Sulla scorta delle pronunce conformi del Tribunale e della Corte d’Appello di Trieste, la Cassazione dichiarava inammissibile il ricorso del lavoratore che instava per la riforma della sentenza per aver la Corte Territoriale, nel valutare la legittimità della risoluzione, preso in considerazione degli elementi fattuali non riportati nella contestazione da cui scaturiva il licenziamento disciplinare.
La Corte di legittimità, sulla scorta di un granitico filone giurisprudenziale, seppur confermando il principio di immutabilità della contestazione che preclude al datore di lavoro di licenziare per motivi diversi da quelli contestati, ha ritenuto che tale istituto non vieti di “considerare fatti non contestati e situati a distanza anche superiore ai due anni dal recesso, quali circostanze confermative della significatività degli addebiti posti a base del licenziamento, al fine della valutazione della complessiva gravità, sotto il profilo psicologico, delle inadempienze del lavoratore e della proporzionalità o meno del correlativo provvedimento sanzionatorio”.

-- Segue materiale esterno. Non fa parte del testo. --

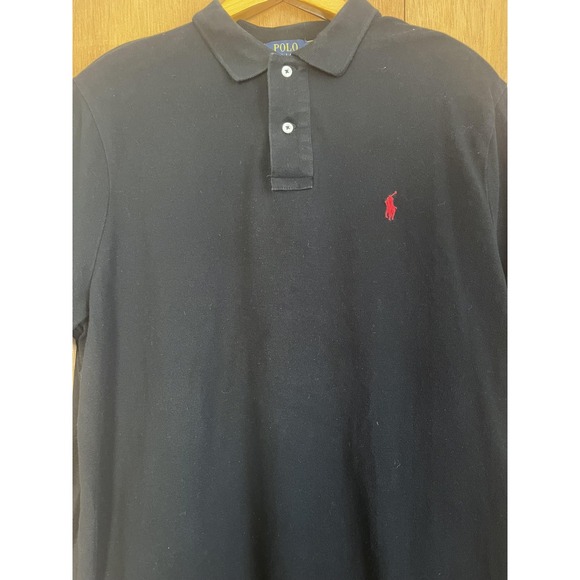Polo Ralph Lauren Polo Shirt Mens 2XL Black Red Pony Pique Short Sleeve - Picture 2 of 6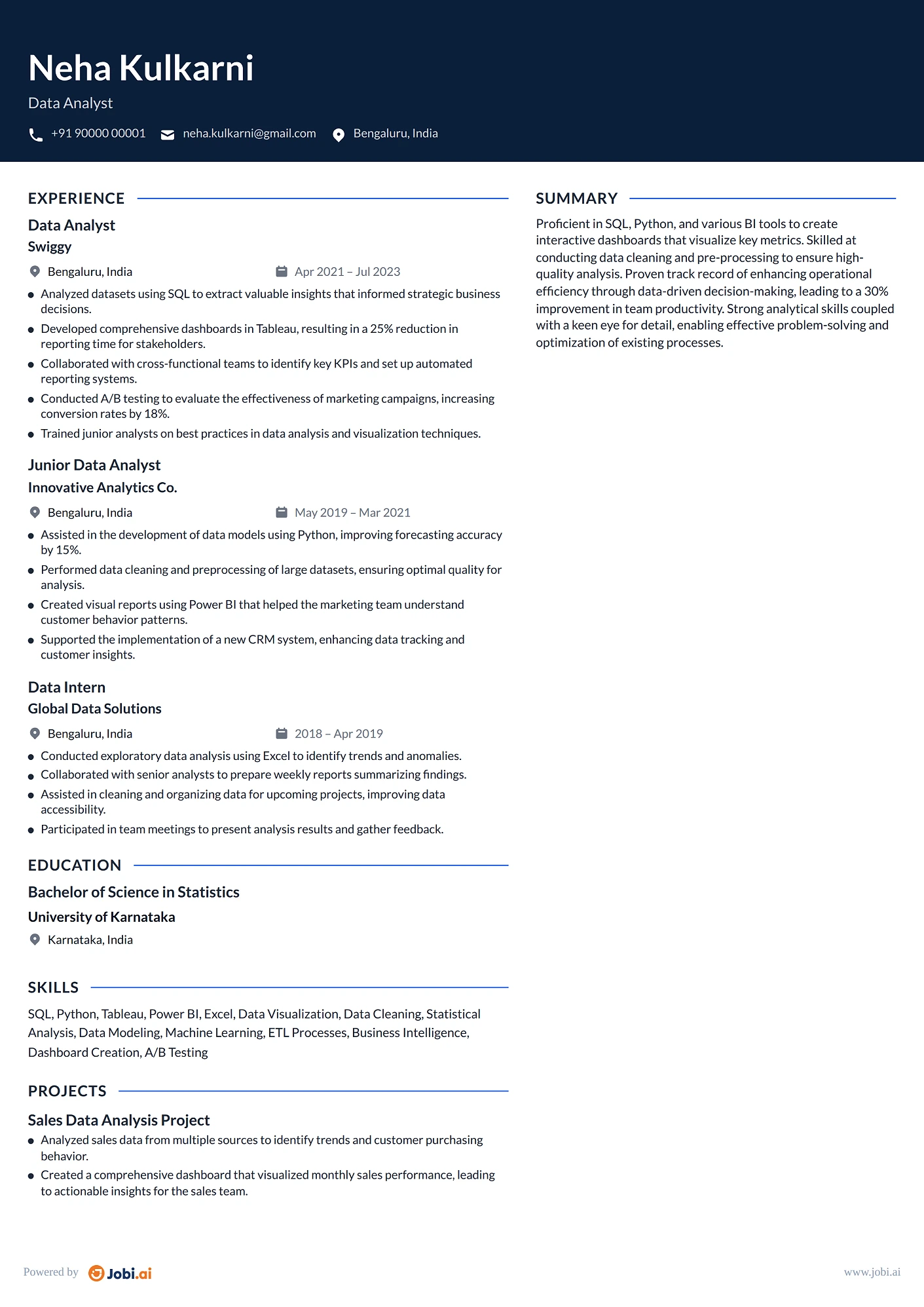 Data Entry Clerk resume example — Data Analyst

In altre parole la Suprema Corte, nel confermare la decisione della Corte d’Appello, evidenziava come, alla stregua del cennato principio, sia possibile per il Giudice prendere in considerazione sia eventi non contestati, che fatti antecedenti ai due anni, al fine di valutare la condotta complessiva del lavoratore e decidere, così, della legittimità di un licenziamento disciplinare.
In particolare, il ricorso è stato dichiarato inammissibile poiché sono state ritenute rilevanti le condotte precedenti reiterate e i fatti addebitati rivestivano il carattere di grave violazione degli obblighi del rapporto di lavoro, tali da ledere irrimediabilmente l’elemento fiduciario.